Stewart Baker’s IM-y Numbers
Stewart Baker accuses Bart Gellman and colleagues of inventing a phony statistic when they note that 89% of the communications collected under Section 702 were non-targets. He does some math to prove why they’re wrong in their interpretation of the scope of this.
The story is built around the implied claim that 90% of NSA intercept data is about innocent people. I think the statistic is a phony. Especially in an article that later holds up US law enforcement practice as a superior model.
What’s wrong with the statistic? Well, let’s take an example from law enforcement. Suppose I become the target of a government investigation. The government gets a warrant and seizes a year’s worth of my email. Looking at my email patterns, that’s about 35,000 messages. About twenty percent – say 7500 –are one-off messages that I can handle with a short reply (or by ignoring the message). Either way, I’ll never hear from that person again. And maybe a quarter are from about 500 people I hear from at least once a week. The remainder are a mix — people I trade emails with for a while and then stop, or infrequent correspondents that can show up any time. Conservatively, let’s say that about 25 people are responsible for the portion of my annual correspondence that falls into that category. In sum, the total number of correspondents in my stored email is 7500+500+25 = 8000 or so. So the criminal investigators who seized and stored my messages from me, their investigative target, and over 8000 people who aren’t targets.
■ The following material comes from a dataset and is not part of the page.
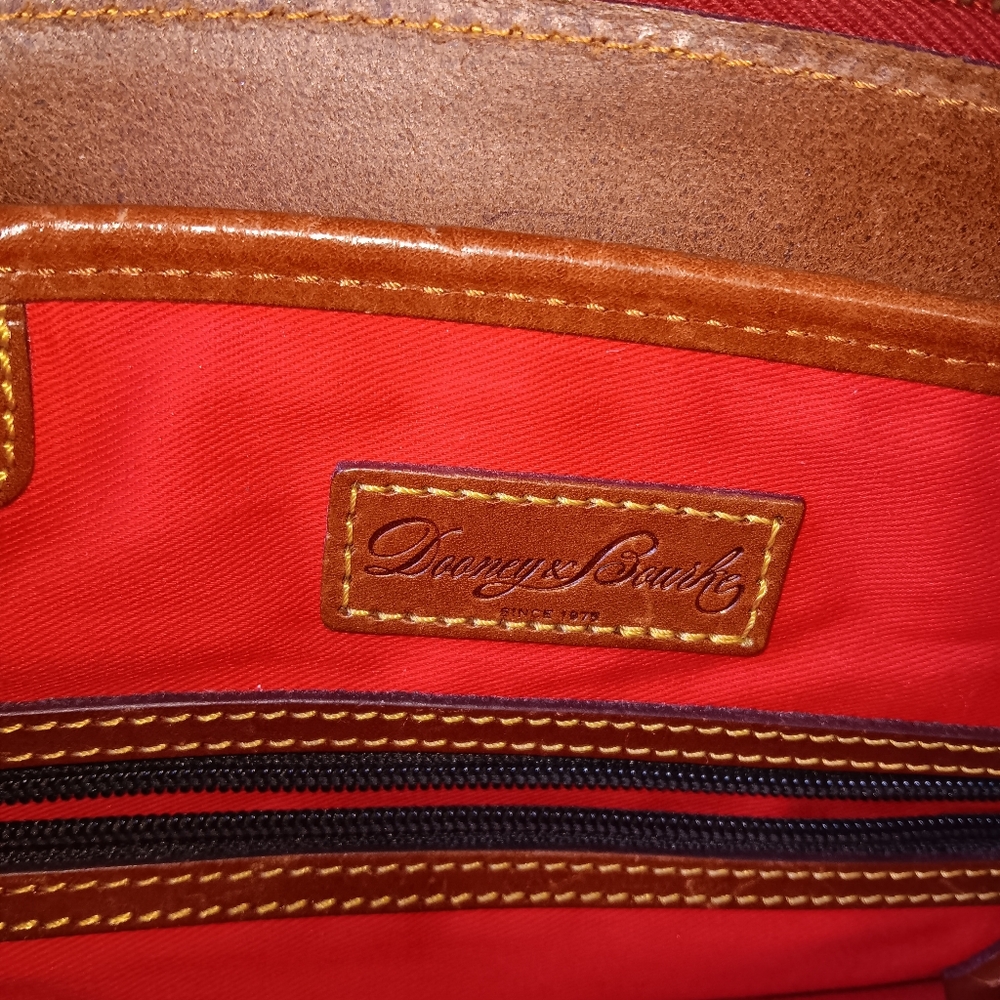 Dooney and bourke satchel - Picture 10 of 10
Or, as the Washington Post might put it “7999 out of 8000 account holders found in a large cache of communications seized by law enforcement were not the intended surveillance target but were caught in a net the investigators had cast for somebody else.”
I agree that the numbers would be impressive — if they actually were what Baker claims they are.
But they aren’t.
First, remember that these are minimized communications. And while the NSA is keeping data that has no foreign intelligence value, it is almost certainly not keeping spam (we know this because other NSA documents talk about defeating spam). So eliminate that 20% — or likely higher — or so right off.
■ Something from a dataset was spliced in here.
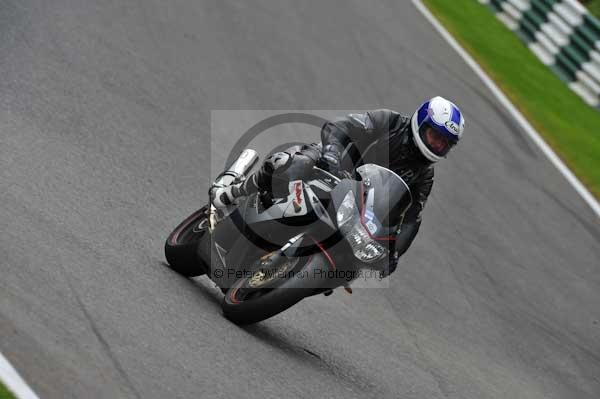 Motorcycle action photographs;cadwell;cadwell park photographs;event digital images;eventdigitalimages;motor racing louth lincolnshire;no limits trackday;peter wileman photography;trackday;trackday digital images;trackday photos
Furthermore, the 9/10 ratio does not reflect all the communications WaPo examined. It doesn’t include the minimized US person ones. Almost half of the communications NSA identified as US person communications — that’s somewhat clear from the graphics, but Gellman stated that on Twitter.
So the actual number is closer to 95% of communications not being targets, not 89%.
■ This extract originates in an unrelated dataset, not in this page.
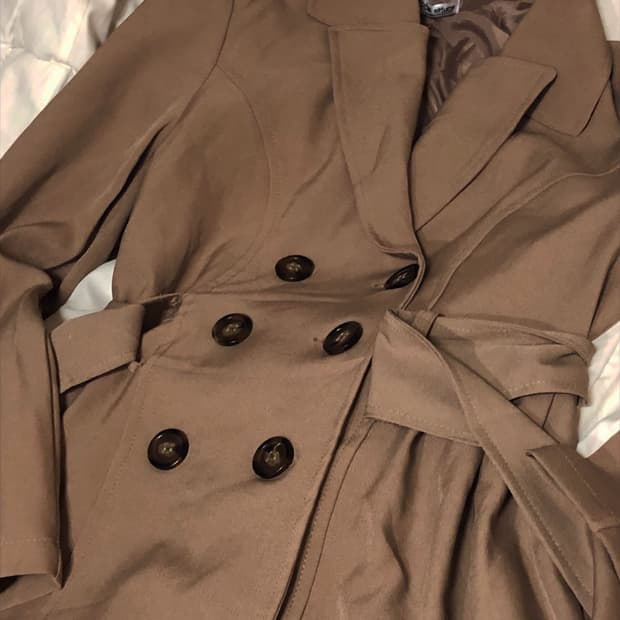 Kobe Lettuce 하프 트렌치코트 겸 미니 원피스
But Baker also doesn’t consider what he’s dealing with. For the most part it’s not email, it’s IMs.
76% of this sample is IMs. Just 14% are emails.
So while Baker’s email example is nifty, it’s largely off point. Because he’d need to look at his IM patterns (or those of a 25 year old, who is more likely to resemble a target), not his email patterns.
It would still be a low number, if you’re considering pre-processed communications. It makes more sense when you realize that’s not what you’re considering.